While campaigning in New Hampshire, Senator McCain told a questioner that it "would be fine with me" if the United States had a military presence in Iraq for 100 years.  He did not ask if the American people or the Iraqis want that, nor did he consider who would pay for it.

The Senator wants to expand the Army and the Marine Corps to 900,000 soldiers.  He envisions a U.S.-led “League of Democracies” that would invade foreign countries" to fight terrorist subversion" when the United Nations could not or would not do it.

Senator McCain has been a leading supporter of the Bush administration’s less than successful troop "surge" in Iraq because he, like the President, assumes that an overwhelming military presence can achieve “victory” over the hidden insurgents.  Some of the Senator’s advisers appear to be the same "neoconservatives" who lobbied for the ill-prepared Iraq invasion and who believe that we Americans have the moral obligation to reshape the Muslim world in our image.

No red-blooded American will disagree with McCain’s demand that there must be an end to terrorist attacks by clandestine conspiracies against American and other Western targets.  The Senator and his supporters, however, fail to recognize that the root cause of the Muslims’ hostility toward us and our allies is our insistence upon occupying and controlling their part of the world.

In nine study tours into Muslim societies over the past thirty years, I have learned that these people do not hate us but that at long last they want to be free from colonial interference.  After 400 years of Turkish and 200 years of European colonial rule over the Middle East, another century of foreign domination is simply intolerable to any self-respecting Arab.  Does McCain seriously believe that we Americans have a God-given right to impose our will on the world's 1.3 billion Muslims?

Since they lack the military strength to defend themselves against the uninvited foreign invaders, radical Muslims have come to fight them and their supporters with the brutal weapon of suicide bombings.  That is unlikely to end until we see the light and get out of the territories on the other side of the globe where we do not belong.  A Rand Corporation report recently characterized the “U.S. military intervention and occupation in the Muslim world” as “at best inadequate, at worst counter-productive, and, on the whole, infeasible.”

By the grace of God, we Americans have the good fortune to live in a beautiful, rich, and powerful country.  Why then would we want to waste the lives of brave fellow citizens and trillions of dollars on the other side of the world for oil or any other material gain?  We are rich enough to pay for any of the resources Muslim countries have to offer.

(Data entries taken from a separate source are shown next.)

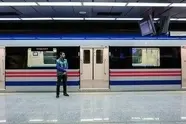 آغاز خدمات رسانی متروی اصفهان در سال جدید از امروز؛ چهارشنبه ۵ فروردین
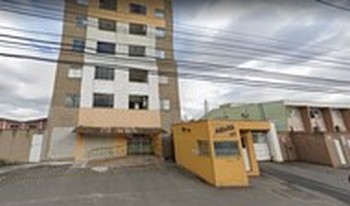 Imagem de fundo do condomínio Condomínio Attivita - Costa E Silva - Joinville - SC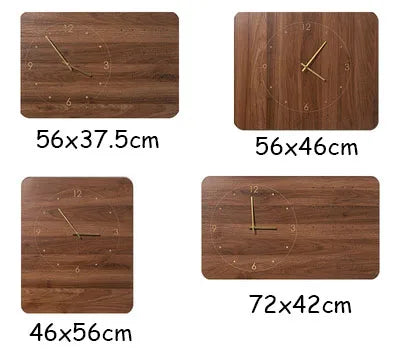Motor Clock Mechanism Shaft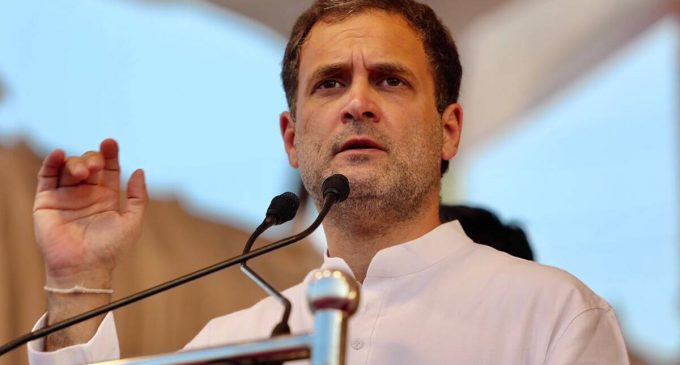 Rahul Gandhi | ‘കേരളത്തില് ഒരു വനിതാ മുഖ്യമന്ത്രി വേണം’; ആഗ്രഹം തുറന്നു പറഞ്ഞ് രാഹുൽ ഗാന്ധി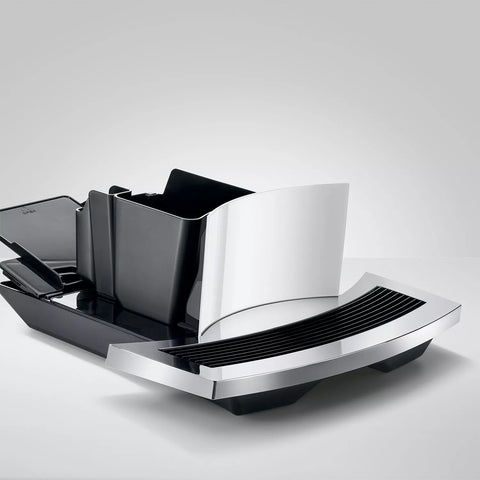 JURA E6 Automatic Coffee Machine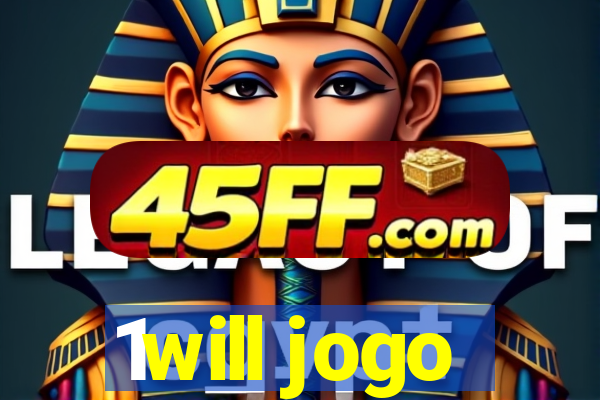 1will jogo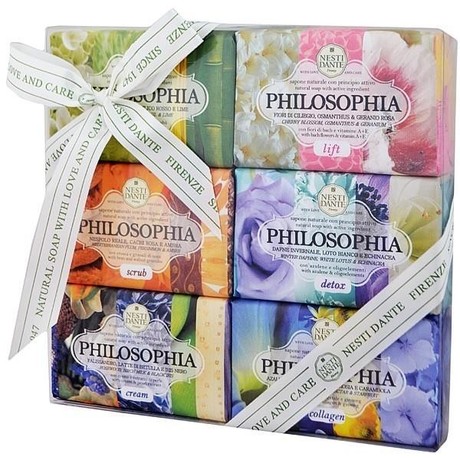 Набор NESTI DANTE "Романтика" 150 г ,  6  шт.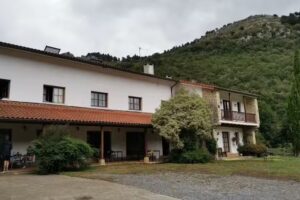 Albergue Natur Cantabria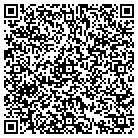 QR code with Precision U S A Inc contacts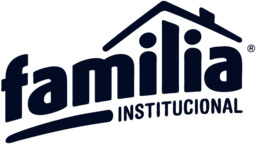 Familia institucional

I agree with the Senator from Arizona that we must end the scourge of hidden insurgencies.  Since they may strike any time and anywhere in the world, however, we cannot eradicate them militarily.  Yet, it is in our power to give all Muslim countries their full sovereignty back and tolerate their way of life, however different it may be from our own, as long as terrorists based on their soil do not physically attack us.

We certainly do not help our cause if we prosecute indicted Al Qaeda members outside the rule of law by which we live.  We also abet the terrorists’ recruiters if we torture captured terrorists.  Senator McCain was right in his opposition to the Bush administration’s toleration of torture as an interrogation technique.

If we seriously want to end the terrorist Muslim resistance to Western control over their societies, we cannot continue to dominate them.  A century of foreign occupation, be it over Iraqis or Palestinians, would only continue, if not worsen, America’s and Israel’s alienation from them.